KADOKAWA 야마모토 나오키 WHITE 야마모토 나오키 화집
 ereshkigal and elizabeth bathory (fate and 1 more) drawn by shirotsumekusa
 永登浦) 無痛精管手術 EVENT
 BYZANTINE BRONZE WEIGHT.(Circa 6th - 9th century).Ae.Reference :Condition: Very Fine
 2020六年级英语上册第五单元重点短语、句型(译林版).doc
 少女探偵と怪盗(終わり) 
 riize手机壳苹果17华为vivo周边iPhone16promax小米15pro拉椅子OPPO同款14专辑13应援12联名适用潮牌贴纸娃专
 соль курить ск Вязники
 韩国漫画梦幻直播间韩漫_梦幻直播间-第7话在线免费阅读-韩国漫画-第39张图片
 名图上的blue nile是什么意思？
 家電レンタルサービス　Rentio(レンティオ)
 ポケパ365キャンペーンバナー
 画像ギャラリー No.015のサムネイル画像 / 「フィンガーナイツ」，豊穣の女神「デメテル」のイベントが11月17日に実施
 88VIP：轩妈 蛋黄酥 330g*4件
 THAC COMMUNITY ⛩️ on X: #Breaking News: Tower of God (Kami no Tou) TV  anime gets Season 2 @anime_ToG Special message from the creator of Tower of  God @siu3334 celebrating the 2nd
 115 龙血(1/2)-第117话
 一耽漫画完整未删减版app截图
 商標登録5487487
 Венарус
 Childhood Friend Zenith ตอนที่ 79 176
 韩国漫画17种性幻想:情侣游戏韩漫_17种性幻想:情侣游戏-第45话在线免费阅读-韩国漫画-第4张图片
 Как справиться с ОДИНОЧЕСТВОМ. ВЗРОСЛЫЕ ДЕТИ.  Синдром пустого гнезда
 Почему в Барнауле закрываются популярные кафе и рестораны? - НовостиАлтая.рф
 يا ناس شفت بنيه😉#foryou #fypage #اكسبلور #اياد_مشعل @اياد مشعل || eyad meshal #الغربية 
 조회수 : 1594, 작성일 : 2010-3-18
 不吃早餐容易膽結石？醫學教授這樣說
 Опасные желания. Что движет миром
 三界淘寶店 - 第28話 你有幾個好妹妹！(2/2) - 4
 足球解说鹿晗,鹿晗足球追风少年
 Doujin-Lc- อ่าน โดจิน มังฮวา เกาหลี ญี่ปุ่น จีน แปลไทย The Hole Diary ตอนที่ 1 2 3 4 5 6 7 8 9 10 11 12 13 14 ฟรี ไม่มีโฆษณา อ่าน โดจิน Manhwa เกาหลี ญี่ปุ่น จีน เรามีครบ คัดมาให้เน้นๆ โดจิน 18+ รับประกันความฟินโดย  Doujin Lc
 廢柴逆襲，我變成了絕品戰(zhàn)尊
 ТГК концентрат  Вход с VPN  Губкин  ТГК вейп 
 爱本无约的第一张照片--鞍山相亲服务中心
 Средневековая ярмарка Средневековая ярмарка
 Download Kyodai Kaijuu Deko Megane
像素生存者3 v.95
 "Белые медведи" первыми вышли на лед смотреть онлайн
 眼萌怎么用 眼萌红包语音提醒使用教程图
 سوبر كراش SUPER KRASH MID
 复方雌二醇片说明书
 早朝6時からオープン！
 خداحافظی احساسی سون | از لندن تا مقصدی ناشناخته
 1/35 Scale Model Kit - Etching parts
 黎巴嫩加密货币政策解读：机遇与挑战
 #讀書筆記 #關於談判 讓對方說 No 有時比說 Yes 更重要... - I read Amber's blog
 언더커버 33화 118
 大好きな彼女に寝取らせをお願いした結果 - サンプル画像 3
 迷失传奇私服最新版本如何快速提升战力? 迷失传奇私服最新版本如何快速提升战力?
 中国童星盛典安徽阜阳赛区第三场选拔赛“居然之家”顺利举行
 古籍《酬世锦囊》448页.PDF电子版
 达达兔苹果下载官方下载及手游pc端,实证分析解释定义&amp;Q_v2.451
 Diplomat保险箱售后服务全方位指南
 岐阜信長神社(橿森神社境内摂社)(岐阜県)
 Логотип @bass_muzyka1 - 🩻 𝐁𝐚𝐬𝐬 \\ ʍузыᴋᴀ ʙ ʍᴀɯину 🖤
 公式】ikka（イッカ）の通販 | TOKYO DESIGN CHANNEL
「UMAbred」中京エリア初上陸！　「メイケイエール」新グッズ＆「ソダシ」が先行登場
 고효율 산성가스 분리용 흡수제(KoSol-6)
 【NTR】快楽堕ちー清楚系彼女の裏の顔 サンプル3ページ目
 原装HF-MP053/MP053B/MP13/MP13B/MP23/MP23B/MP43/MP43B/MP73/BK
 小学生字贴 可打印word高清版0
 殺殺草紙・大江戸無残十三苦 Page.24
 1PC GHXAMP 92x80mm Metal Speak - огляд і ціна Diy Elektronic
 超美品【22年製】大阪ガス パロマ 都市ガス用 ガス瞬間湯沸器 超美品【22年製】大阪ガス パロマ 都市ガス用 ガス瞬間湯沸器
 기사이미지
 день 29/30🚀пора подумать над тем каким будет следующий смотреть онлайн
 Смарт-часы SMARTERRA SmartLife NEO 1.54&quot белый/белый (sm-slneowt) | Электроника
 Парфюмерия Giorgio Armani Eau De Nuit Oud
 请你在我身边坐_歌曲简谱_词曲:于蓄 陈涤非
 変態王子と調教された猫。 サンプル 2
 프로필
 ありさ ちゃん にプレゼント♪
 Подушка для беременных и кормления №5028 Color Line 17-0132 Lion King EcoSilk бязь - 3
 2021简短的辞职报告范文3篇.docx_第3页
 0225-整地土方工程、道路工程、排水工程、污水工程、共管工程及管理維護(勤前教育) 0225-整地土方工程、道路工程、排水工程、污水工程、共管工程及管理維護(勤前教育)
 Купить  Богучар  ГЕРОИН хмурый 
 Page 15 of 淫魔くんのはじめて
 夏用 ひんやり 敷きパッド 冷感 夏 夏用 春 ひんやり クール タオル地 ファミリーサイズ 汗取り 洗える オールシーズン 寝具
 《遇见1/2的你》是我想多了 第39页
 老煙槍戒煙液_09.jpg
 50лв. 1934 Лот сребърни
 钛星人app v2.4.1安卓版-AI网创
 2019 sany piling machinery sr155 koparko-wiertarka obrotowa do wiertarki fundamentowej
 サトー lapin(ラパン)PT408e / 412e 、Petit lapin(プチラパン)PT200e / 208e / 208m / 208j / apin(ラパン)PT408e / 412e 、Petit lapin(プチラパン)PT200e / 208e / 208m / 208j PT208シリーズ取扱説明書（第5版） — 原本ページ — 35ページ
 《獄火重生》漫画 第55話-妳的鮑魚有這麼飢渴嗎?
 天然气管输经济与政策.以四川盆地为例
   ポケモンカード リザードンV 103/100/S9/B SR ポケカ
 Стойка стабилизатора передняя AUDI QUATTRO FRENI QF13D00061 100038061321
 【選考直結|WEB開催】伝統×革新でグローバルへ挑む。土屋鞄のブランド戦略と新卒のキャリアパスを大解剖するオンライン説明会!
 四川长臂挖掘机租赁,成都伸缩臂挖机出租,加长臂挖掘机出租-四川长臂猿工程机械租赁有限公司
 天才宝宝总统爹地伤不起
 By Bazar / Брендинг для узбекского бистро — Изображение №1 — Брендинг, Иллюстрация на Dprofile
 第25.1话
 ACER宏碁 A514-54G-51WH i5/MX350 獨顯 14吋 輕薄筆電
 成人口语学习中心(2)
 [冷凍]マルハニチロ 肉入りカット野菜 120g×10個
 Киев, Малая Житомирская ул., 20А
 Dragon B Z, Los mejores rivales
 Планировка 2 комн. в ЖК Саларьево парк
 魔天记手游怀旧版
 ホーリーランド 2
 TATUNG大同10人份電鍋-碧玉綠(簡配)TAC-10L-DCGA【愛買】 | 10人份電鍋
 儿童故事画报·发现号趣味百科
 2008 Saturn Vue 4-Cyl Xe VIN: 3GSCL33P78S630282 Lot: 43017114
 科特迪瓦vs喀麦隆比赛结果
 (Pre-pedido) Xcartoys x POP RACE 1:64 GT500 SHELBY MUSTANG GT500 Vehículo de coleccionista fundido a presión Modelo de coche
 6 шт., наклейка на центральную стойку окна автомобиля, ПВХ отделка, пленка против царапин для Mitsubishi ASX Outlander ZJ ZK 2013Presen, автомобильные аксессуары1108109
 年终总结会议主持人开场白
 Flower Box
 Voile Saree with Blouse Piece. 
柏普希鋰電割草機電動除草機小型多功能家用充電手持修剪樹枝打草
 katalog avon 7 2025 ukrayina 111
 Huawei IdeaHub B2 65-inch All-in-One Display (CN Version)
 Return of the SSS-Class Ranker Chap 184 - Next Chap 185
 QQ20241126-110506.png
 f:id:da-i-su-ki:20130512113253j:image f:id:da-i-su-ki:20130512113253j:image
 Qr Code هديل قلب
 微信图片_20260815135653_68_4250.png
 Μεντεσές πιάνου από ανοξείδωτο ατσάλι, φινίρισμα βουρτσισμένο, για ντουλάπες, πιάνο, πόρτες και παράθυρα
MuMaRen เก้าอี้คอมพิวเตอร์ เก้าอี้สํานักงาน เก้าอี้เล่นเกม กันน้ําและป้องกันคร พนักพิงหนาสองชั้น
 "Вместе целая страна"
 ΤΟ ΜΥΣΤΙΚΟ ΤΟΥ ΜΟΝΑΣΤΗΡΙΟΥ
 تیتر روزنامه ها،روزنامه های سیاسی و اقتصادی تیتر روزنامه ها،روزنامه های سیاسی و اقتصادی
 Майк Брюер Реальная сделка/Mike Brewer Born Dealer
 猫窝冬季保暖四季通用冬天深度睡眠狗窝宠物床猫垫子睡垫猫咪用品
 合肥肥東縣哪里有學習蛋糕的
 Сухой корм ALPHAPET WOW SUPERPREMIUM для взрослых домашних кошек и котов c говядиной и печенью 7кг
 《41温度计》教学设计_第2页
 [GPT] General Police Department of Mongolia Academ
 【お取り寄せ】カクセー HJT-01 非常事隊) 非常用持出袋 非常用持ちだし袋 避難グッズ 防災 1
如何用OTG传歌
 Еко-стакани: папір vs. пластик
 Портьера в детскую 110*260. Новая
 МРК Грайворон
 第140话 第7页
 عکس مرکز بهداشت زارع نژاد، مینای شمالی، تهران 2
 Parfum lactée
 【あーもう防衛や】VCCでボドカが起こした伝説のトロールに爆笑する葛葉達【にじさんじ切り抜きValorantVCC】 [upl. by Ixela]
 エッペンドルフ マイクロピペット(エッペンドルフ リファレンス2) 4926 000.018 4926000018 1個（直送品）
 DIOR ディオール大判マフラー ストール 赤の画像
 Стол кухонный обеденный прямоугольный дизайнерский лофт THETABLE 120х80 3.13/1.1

┄┄┄┄┄┄┄┄┄┄┄┄┄┄┄┄┄┄┄┄

● Assigned task:
In the listing above, each line with the word "韩国漫画" is to be copied out.

● Output for this task:
 韩国漫画梦幻直播间韩漫_梦幻直播间-第7话在线免费阅读-韩国漫画-第39张图片
 韩国漫画17种性幻想:情侣游戏韩漫_17种性幻想:情侣游戏-第45话在线免费阅读-韩国漫画-第4张图片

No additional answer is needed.